News Interview mit einem Brandenburger Berufsfischer
Gestern hatte ich ein kurzes Gespräch mit einem Fischer, der einen kleinen brandenburgischen Fluss bewirtschaftet. Eigentlich ging es mir darum, dem Mann ein paar Raubfischkarten abzuschwatzen. Da in seinem Fluss zwar ganz gut Zander vorhanden sind, er aber nichts von der neuen Artenschonzeit hält, bin ich daran leider gescheitert. Trotzdem habe ich eine Weile mit ihm gesprochen und möchte Euch die Essenz dieses Gesprächs wiedergeben.
Barsch-Alarm: Kann man von der Fischerei eigentlich heute noch richtig leben?
Fischer: Also von der Fischerei in meinem kleinen und flachen Fluss nicht. Deshalb habe ich mich auch zusätzlich auf die Landwirtschaft verlegt. Das hat damals schon mein Großvater machen müssen…
… Außerdem habe ich mir Hälterungsbecken gebaut. Hier hältere ich z.B. meine Forellen. Aber da muss man sehr aufpassen. Diesen Juni sind mir viele weggestorben, weil es so heiß war. Nächstes Jahr werde ich meine Forellen bis zum Juni verkauft haben und mir für den Sommer etwas anderes ausdenken. Außerdem wurde mein Fluss begradigt. Dazu kommt noch, dass man die Wiesen nicht mehr fluten darf und weil auch die Zugänge zu den kleinen Gräben versperrt wurden, sind absolut keine Laichplätze mehr vorhanden. Darüber hinaus fangen die Angler auch noch die Fische weg, die man verkaufen könnte. Uns Fischern bleiben doch oft genug nur die Brassen. Und von denen kann man nicht leben. Im Gegenteil.
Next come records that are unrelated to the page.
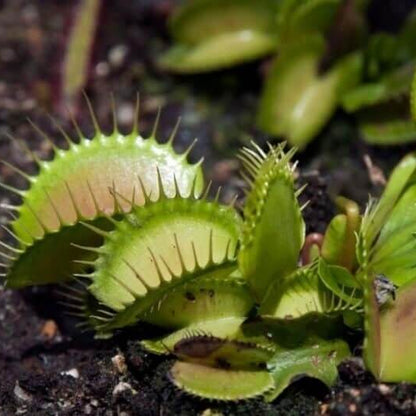 Venus Flytrap King Henry OP Seeds 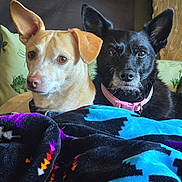 Fredo And Betty is registered to the contest to win money with this photo: animal, black_dog, blanket, collar, companion, couch, cozy, cute, dog, domestic, ears, fur, indoor, looking, pet, portrait, resting, snuggle, tan_dog, two_dogs
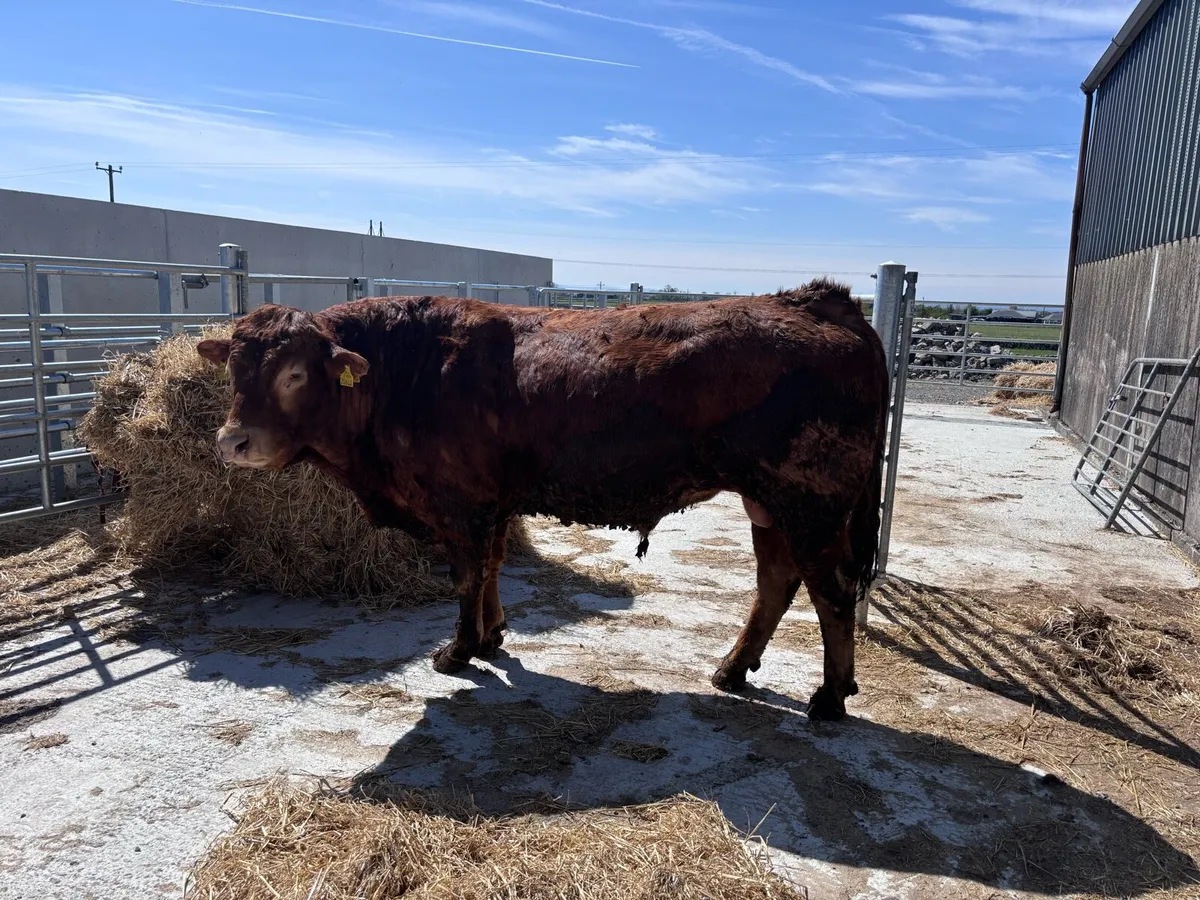 Limousin Bull - Image 4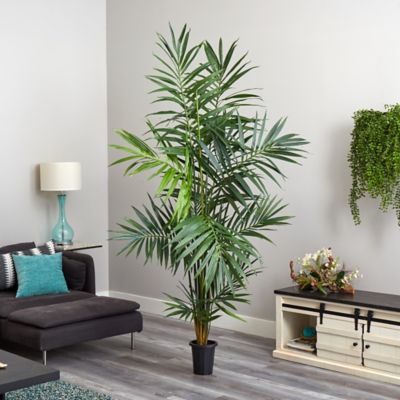 Image showing  7 ft. Kentia Palm Silk Tree, 5335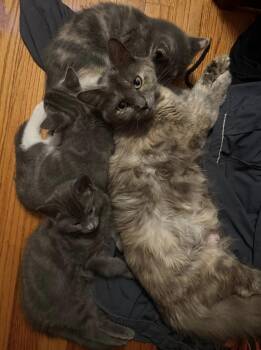 Rumours: Stevie Nicks -  Domestic Medium Hair and Domestic Short Hair Cat for Adoption - Rumours: Stevie Nicks | PetCurious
Barsch-Alarm: Was heißt im Gegenteil?
Fischer: Früher hat man die Brassen noch zur Schweinemast gebracht. Heute werden die Fische entsorgt. Auf Kosten des Fischers.
Barsch-Alarm: Und das passiert dann wirklich?
Fischer: Sagen Sie mir mal einen Fischer, der sich das leisten kann. Die Folge ist einfach, dass die Gewässer Schaden nehmen werden. Es entsteht ein Ungleichgewicht zwischen Brassen und Raubfischen. Es werden immer mehr Weißfische und immer weniger Räuber. Und heute fangen die Angler auch noch bevorzugt Zander und Hechte. Das fördert dieses Ungleichgewicht auch noch. Deshalb verkaufe ich jetzt auch noch keine Raubfischkarten. Die gibt es erst ab 1.3. wieder, damit die Hechte wenigstens in Ruhe zu ihren Laichgebieten wandern können. Das Ganze wird noch zu einem richtigen Problem. Die Brassenmassen werden gerade kleinere Gewässer zum Umkippen bringen. Das Ungleichgewicht wird man langfristig auch an der Havel merken. Hier wird es irgendwann mal zur Verbuttung kommen. Dann fangen Sie nur noch riesige oder winzige Bleie. Dazwischen gibt’s dann nix mehr. Aber dann, wenn Sie das bemerken, ist es zu spät.
Barsch-Alarm: Mal ehrlich: Können Angler dem Fischer eigentlich ernsthaft Konkurrenz machen?
Fischer: Ein Angler natürlich nicht. Aber die vielen tausend Angler hier in der Region schon. Zumal die sich auf die Edelfische konzentrieren.
Barsch-Alarm: Sind die Kormorane da nicht die viel größere Konkurrenz?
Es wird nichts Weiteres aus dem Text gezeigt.